Franck–Condon factors in studies of dynamics of chemical reactions. I. General theory, application to collinear atom–diatom reactions

Abstract

We derive and show the utility of an approximate theory of chemical dynamics based on a generalized Franck–Condon factor. We begin by showing how the general expression for the transition matrix for an electronically adiabatic reaction may be rewritten in terms of a transition between two surfaces through the use of a quasiadiabatic representation. This exact transition matrix may be reduced to a Franck–Condon overlap integral in a variety of ways, and one possible sequence of approximations for accomplishing this reduction is outlined. We neglect terms due to virtual transitions to excited electronic states, make a Born–Oppenheimer approximation, neglect terms involving gradients of the nuclear wavefunction (low kinetic energy approximation), and finally make a Franck–Condon approximation. The overlap is then evaluated for the special case of collinear exoergic atom–diatom reactions for the purpose of studying product state vibrational distributions in these reactions. The evaluation is done approximately by using physical arguments to estimate the general appearance of the reagent and product quasiadiabatic surfaces, and assuming separable solutions to the Schrödinger equation on each surface. The overlap integral is then further approximated by expanding the integrand about the nuclear configuration of maximum overlap. This enables us to obtain a simple analytical result for the product state distribution, using either harmonic or Morse oscillator vibrational wavefunctions. We then use the resulting expressions to study the dynamics of the collinear F+H₂(D₂) and H(D)+Cl₂ reactions.

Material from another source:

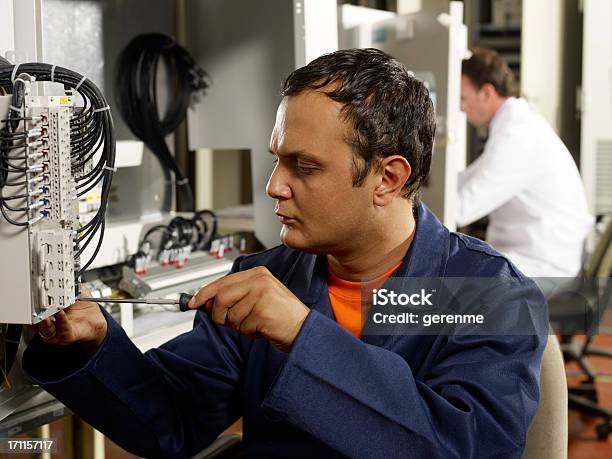 Técnico E Ingeniero Foto de stock y más banco de imágenes de Adulto - Adulto, Agarrar, Bata de Laboratorio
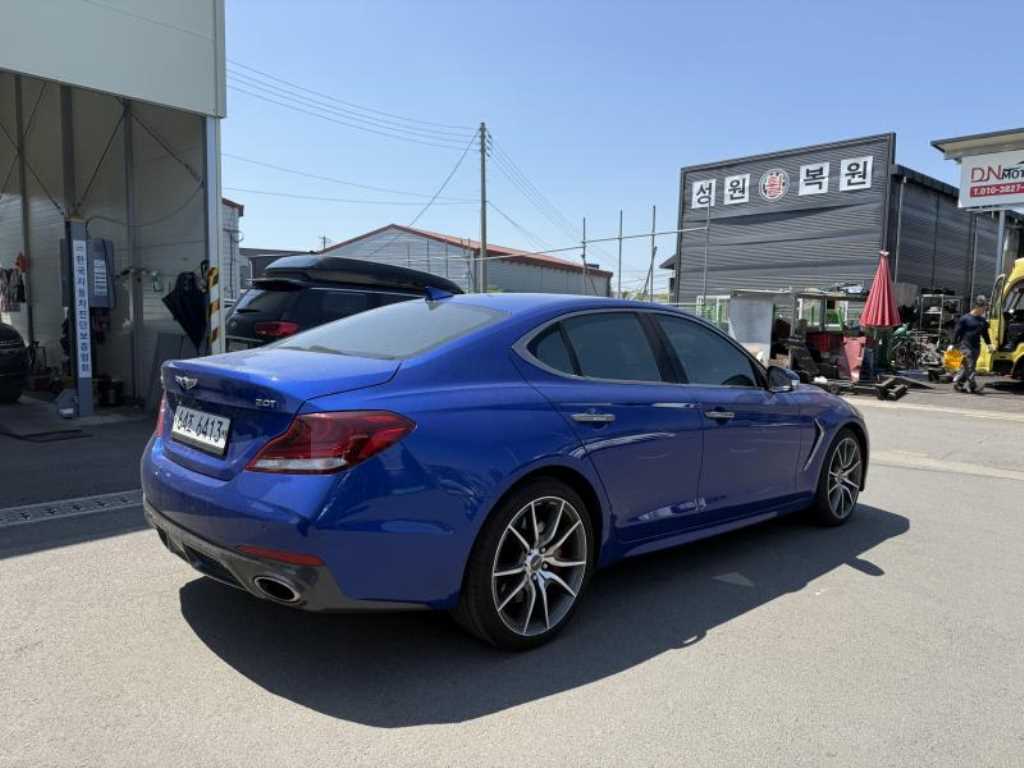 Genesis G70 - Vista 5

In both applications we find that the Franck–Condon overlap is capable of a qualitatively correct description of the product state distributions, including dependence on reagent translational energy, mass ratios, and various features of the potential energy surface. Furthermore, a physical description of the origin of a dynamic threshold effect in the F+H₂(D₂) reaction is provided, as is a simple interpretation of the role of potential energy release behavior in the determination of product state distributions.